We have to look at both short and long-term solutions. Looking long term, we really need to improve the educational system in the city, as there is a direct correlation between the lack of educational opportunities and crime. Eighty-percent of the perpetrators of violent crime in Philadelphia last year were high school dropouts. Seventy-five percent of the victims were dropouts. That is why I have made improving our schools a major focus of my campaign, including improving arts, technical and vocational training. Again, creative thinking is key. Last year, my son’s school lost its art teacher. We worked with Moore College of Art to come up with a solution that got their students involved in teaching arts in our school. The other area we need to address is economic opportunity, bringing in more businesses and creating more jobs. Philadelphia currently has the highest poverty rate among America’s ten largest cities; over 25% of our population is living in poverty. That kind of pervasive poverty is a breeding ground for drug abuse the violent crime that accompanies it.

In the short-term, we need to look at best practices, at what other cities are doing to combat violence, especially in the area of controlling the illegal trafficking of guns. New York City has had success in this area, as have other communities.

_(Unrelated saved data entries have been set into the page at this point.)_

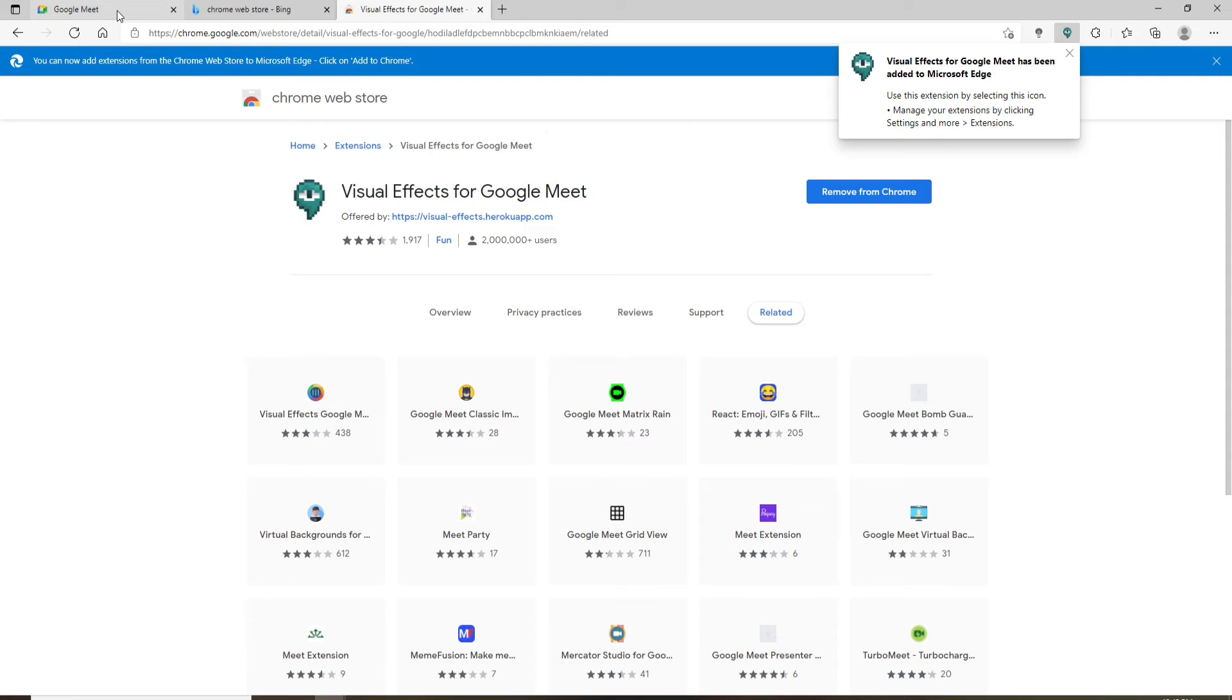Once it is done, go back to your Google Meet. At the left hand side of the screen, click on the box as you can see it right here, a white box appearing at the left hand side. Scroll all the way down.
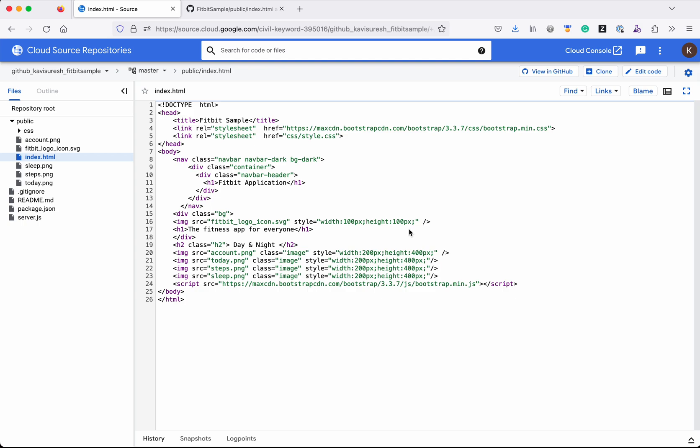And we also validated how when we make any changes to the GitHub repository, it gets immediately mirrored to the Cloud Source Repository. If you like this video, please do like, share, and subscribe. Thanks for watching the demo.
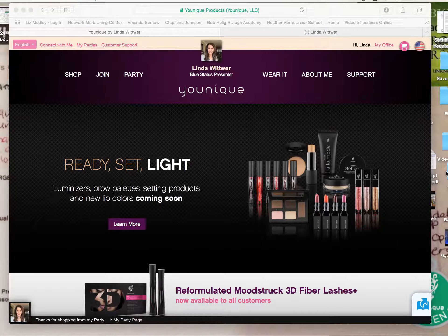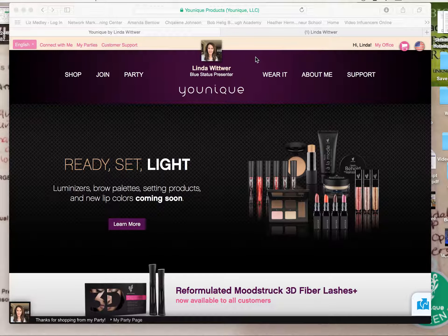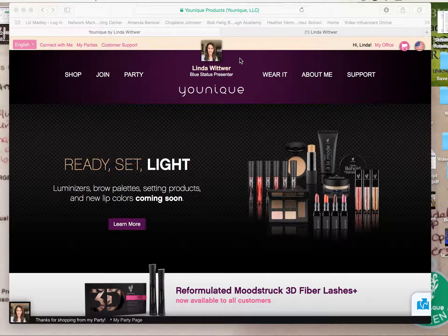Hello everyone, I'm Linda Witwer and I wanted to make a quick video to demonstrate how you can connect your Facebook profile picture onto your unique website like this here. That way when people come to your website they can actually see your face right here and not just a grey profile that they can't recognize. It just makes it easier for them to find your website.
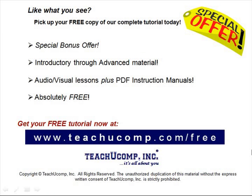Like what you see? Pick up your free copy of the complete tutorial at www.teachucomp.com/free.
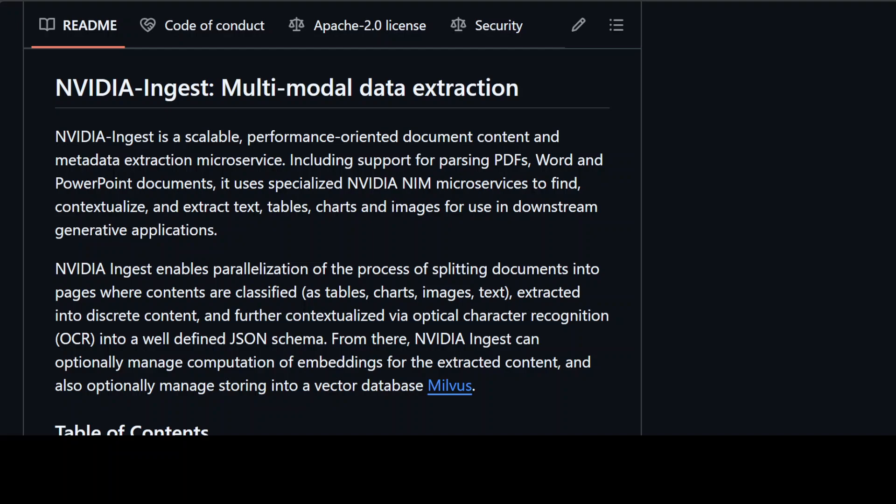NVIDIA Ingest splits documents into pages, classifies content, and then uses OCR — optical character recognition — to convert it into a structured JSON format. It can also compute embeddings for the extracted content and store them in a vector database of your choice, such as Milvus. The service supports various extraction methods to balance throughput and accuracy, such as PDF-M, Unstructured IO, and Adobe Content Extraction Services for PDF. It also offers pre- and post-processing operations including text splitting, filtering, and embedding generation.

PJV: Some political and business leaders have argued that we have a brain drain in the Delaware Valley, that too few of the students who study at all the great colleges in the area end up settling here. What is your take on this situation?

I do not think it is question of quality of life. There are plenty of kids from Philadelphia who go away to college and then are happy to return here after they graduate. The key, I believe, is enabling more of our high school kids to go to college in the first place. Among major cities, Philadelphia ranks very low with respect to the number of high school graduates who continue on to college. Again, this is why improving our education system is so important to the future growth of our city.

PJV: You touched earlier on your experience in environmental issues. What are some of the environmental challenges and opportunities facing the city?

We have a tremendous opportunity to be one of the most environmentally friendly cities in the country. We have a lot of row homes in Philadelphia, which happen to be a very energy-efficient house design because of the shared walls. If we make an effort to improve the insulation of those homes we can reduce energy consumption considerably. The less money we spend on gas and oil, the more we can spend locally which, in turn, serves economic growth. In terms of new building construction, there are opportunities in creating green structures and putting green roofs on existing buildings. But here again, we need people in city government who have the vision to support these kinds of initiatives. Another opportunity is recycling. Ten years ago, we were one of the leading recycling cities, but now we are in the back of the pack. Again, it comes down to vision and understanding that good environmental policy is critical to economic growth. I have worked a lot on an variety of environmental initiates over the years, from green building construction to Brownfields, and look forward to bringing that expertise to city council.